Technical information
- Licensing authority: CRT
- Class: B
- Power: 10 kW day 1 kW night
- Transmitter coordinates: 20°38′30.7″N 103°20′24.7″W﻿ / ﻿20.641861°N 103.340194°W

Links
- Website: www.dk1250.mx

= XEDK-AM =

Radio station in Guadalajara, Jalisco

XEDK-AM is a radio station in Guadalajara. Located on 1250 kHz, XEDK-AM is owned by Grupo Radiorama and carries a news/talk format known as DK 1250.

==History==
XEDK-AM came to air in Guadalajara on March 15, 1938. The station came to be owned by the Serna family and its Radio Programas de México.
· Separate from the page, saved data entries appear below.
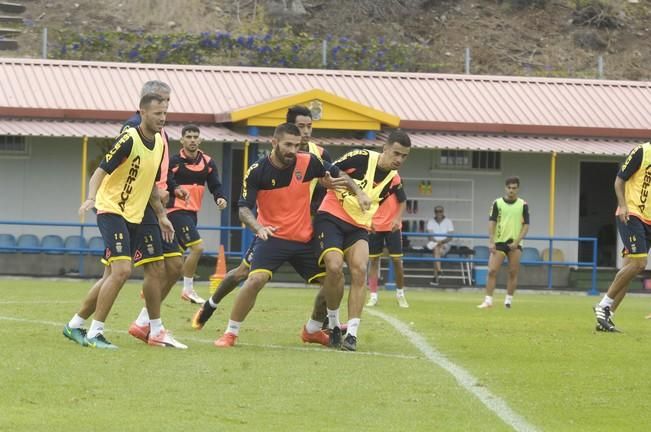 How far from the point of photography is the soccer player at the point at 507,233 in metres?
21.8

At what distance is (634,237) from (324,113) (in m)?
16.1

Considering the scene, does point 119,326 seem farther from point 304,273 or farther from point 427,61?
point 427,61

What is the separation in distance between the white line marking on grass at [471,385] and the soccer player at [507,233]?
636cm

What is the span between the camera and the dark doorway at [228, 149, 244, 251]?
109 feet

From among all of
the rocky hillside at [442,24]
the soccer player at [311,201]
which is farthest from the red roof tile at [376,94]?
the soccer player at [311,201]

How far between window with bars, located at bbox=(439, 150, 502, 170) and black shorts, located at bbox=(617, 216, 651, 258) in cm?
1806

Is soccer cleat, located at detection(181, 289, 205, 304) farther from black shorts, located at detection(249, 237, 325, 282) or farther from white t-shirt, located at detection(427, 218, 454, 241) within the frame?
white t-shirt, located at detection(427, 218, 454, 241)

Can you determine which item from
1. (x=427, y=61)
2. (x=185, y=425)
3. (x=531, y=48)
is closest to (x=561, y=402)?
(x=185, y=425)

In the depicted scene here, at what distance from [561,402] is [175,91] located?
24.4m

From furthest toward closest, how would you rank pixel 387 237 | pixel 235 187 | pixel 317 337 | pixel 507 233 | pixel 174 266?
pixel 235 187 → pixel 507 233 → pixel 387 237 → pixel 317 337 → pixel 174 266

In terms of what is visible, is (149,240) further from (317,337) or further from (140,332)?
(317,337)

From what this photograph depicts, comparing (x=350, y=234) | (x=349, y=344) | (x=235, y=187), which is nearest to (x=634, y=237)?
(x=350, y=234)

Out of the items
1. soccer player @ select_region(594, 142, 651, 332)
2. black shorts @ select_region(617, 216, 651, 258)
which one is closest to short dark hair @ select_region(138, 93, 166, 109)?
soccer player @ select_region(594, 142, 651, 332)

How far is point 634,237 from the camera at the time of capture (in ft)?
52.2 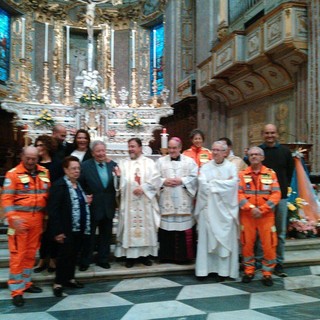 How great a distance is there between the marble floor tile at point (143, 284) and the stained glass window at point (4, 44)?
1164cm

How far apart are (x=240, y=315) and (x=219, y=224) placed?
1.15 m

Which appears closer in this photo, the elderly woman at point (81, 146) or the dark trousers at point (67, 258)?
the dark trousers at point (67, 258)

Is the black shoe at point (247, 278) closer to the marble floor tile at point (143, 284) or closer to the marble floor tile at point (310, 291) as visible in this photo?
the marble floor tile at point (310, 291)

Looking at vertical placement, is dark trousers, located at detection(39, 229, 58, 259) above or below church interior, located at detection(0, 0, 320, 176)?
below

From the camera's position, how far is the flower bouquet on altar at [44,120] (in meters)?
7.96

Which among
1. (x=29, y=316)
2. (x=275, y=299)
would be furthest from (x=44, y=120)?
(x=275, y=299)

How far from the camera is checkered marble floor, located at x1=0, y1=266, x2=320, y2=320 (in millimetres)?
3051

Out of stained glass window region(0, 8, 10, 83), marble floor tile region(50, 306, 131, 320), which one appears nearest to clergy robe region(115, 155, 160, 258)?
marble floor tile region(50, 306, 131, 320)

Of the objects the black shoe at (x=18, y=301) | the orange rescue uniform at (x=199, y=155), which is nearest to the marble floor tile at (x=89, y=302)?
the black shoe at (x=18, y=301)

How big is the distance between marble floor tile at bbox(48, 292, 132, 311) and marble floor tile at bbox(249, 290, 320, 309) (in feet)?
3.63

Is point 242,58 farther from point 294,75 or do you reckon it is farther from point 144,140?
point 144,140

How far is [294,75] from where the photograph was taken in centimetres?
787

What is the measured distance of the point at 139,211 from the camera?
4.38 m

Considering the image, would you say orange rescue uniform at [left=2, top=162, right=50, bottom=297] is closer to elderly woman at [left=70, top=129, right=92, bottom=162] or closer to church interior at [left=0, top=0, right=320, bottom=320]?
church interior at [left=0, top=0, right=320, bottom=320]
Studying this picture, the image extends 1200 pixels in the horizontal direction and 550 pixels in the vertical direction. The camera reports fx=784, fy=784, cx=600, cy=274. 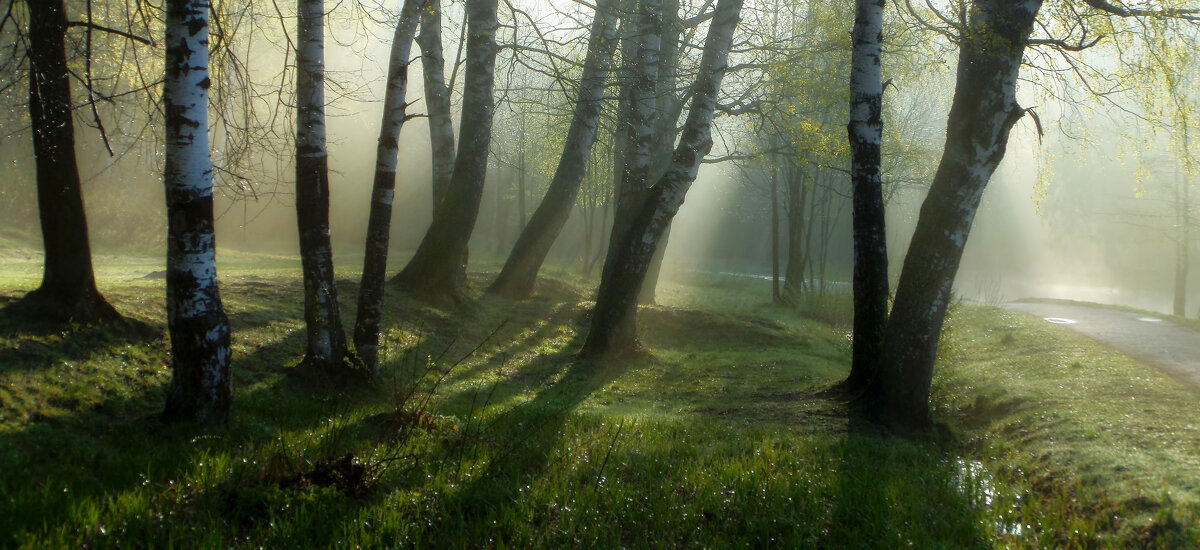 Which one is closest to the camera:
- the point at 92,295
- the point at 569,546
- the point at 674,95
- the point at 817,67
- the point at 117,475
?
the point at 569,546

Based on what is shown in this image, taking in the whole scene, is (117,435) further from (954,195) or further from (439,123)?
(439,123)

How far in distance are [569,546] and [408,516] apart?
94cm

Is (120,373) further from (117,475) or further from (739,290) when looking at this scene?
(739,290)

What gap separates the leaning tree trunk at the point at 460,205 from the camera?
13812mm

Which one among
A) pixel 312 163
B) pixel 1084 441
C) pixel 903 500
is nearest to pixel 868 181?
pixel 1084 441

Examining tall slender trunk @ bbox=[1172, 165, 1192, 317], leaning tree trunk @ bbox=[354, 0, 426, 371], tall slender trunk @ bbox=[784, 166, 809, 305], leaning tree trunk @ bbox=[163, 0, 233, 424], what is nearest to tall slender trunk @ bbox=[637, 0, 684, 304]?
tall slender trunk @ bbox=[784, 166, 809, 305]

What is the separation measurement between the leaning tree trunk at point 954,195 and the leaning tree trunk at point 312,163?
539 cm

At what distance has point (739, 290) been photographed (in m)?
31.9

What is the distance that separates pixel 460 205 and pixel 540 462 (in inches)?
356

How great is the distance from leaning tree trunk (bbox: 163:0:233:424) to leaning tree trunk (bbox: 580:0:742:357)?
6.96 meters

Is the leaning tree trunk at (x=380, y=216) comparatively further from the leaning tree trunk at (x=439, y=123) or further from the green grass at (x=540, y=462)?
the leaning tree trunk at (x=439, y=123)

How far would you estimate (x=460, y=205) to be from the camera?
14109 mm

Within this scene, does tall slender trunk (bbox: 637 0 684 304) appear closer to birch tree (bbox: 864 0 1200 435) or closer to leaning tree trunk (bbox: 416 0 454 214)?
leaning tree trunk (bbox: 416 0 454 214)

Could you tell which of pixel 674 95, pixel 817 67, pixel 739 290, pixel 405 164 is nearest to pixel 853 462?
pixel 817 67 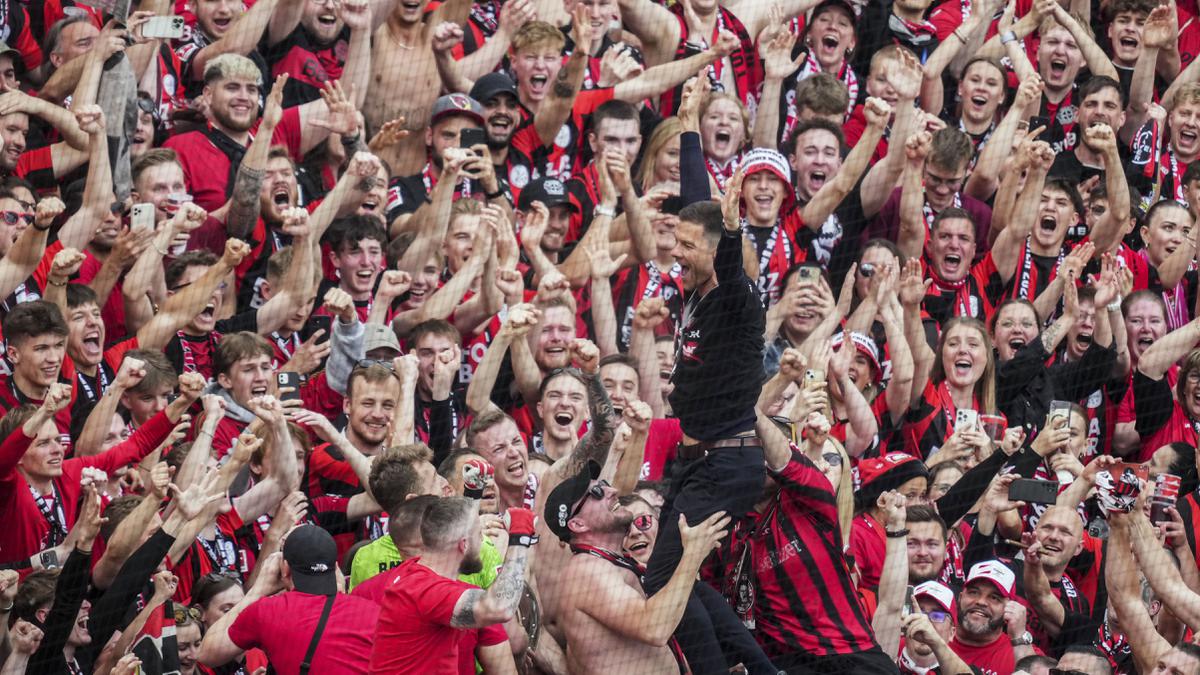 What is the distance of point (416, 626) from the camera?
6.44 m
In 1980, the owners of XEDK, who were also affiliated with Televisa, bought XEHL-TV channel 6 and rechristened it XEDK. That station, now owned by Televisa directly, is now on channel 5 but continues to bear the XEDK callsign.

There are also a trio of radio stations in Guadalajara whose callsigns begin with XEDK, as well as an XHDK-FM; most of these stations were at one point owned by businesses tied to Radio Programas de México, and one, XEDKT-AM 1340, is still a sister station to 1250 AM.